# [YOUR GOAL]
The listing below holds a line with "Flacon de 500ml" and a line with "Pierwszy raz Norweg". Reproduce those two lines exactly, plus everything between them.
(RECORDS TO PROCESS Opens)
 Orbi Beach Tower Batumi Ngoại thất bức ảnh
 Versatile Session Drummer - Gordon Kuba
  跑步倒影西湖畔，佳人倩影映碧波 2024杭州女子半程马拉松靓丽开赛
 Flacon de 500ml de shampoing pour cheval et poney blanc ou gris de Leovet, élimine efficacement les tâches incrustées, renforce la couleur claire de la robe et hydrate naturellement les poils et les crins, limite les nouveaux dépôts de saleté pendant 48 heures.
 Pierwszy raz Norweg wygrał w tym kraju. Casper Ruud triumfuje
(RECORDS TO PROCESS Closes)
(RECORDS TO PROCESS Opens)
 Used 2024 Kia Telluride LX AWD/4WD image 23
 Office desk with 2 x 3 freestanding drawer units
(RECORDS TO PROCESS Closes)
(RECORDS TO PROCESS Opens)
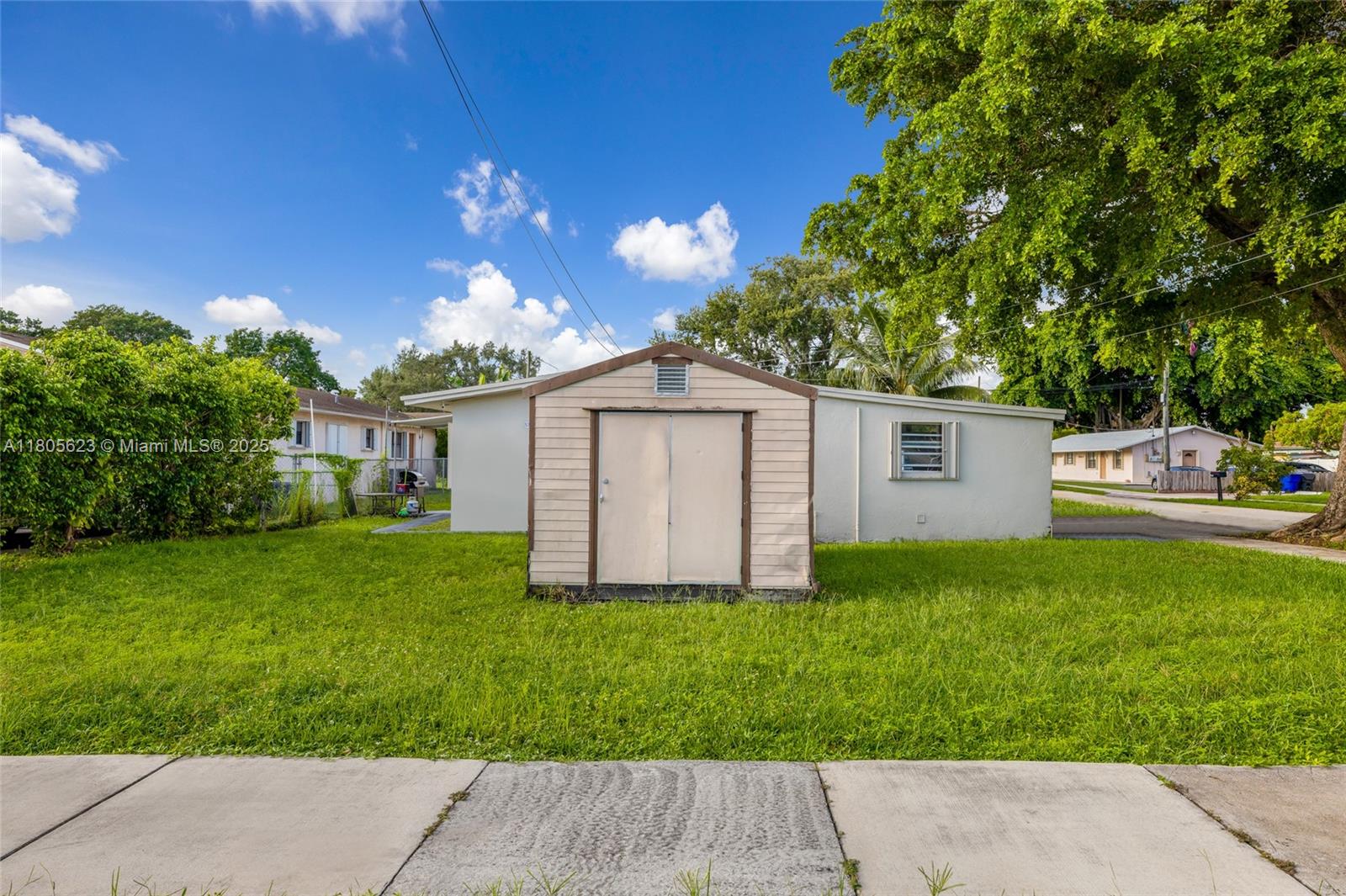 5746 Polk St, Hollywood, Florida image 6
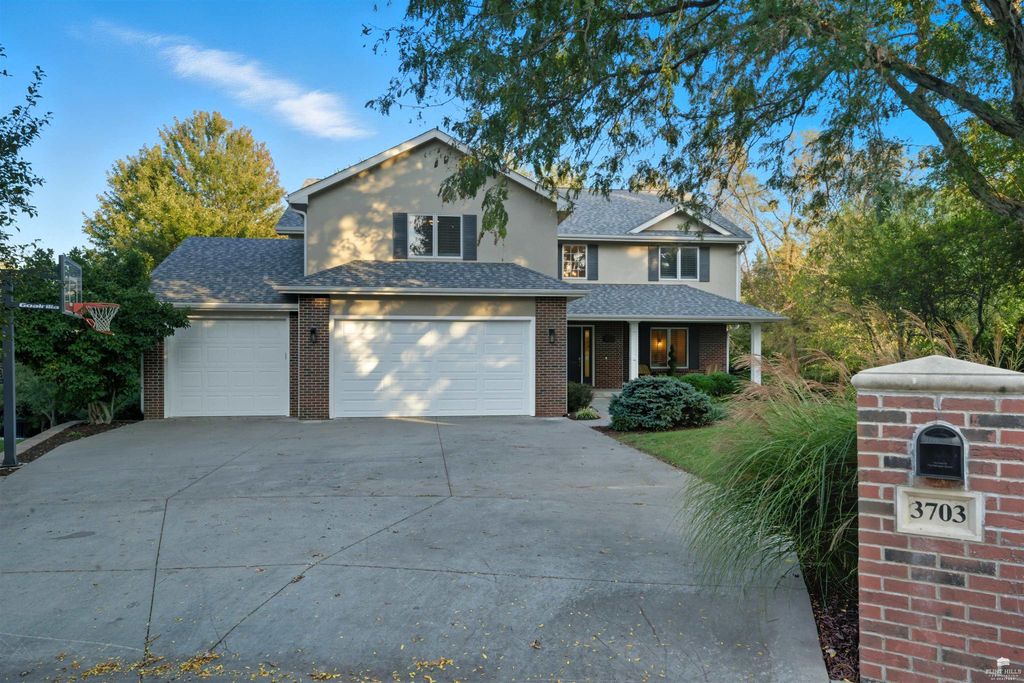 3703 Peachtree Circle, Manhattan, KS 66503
(RECORDS TO PROCESS Closes)
# [EXERCISE RESULT]
 Flacon de 500ml de shampoing pour cheval et poney blanc ou gris de Leovet, élimine efficacement les tâches incrustées, renforce la couleur claire de la robe et hydrate naturellement les poils et les crins, limite les nouveaux dépôts de saleté pendant 48 heures.
 Pierwszy raz Norweg wygrał w tym kraju. Casper Ruud triumfuje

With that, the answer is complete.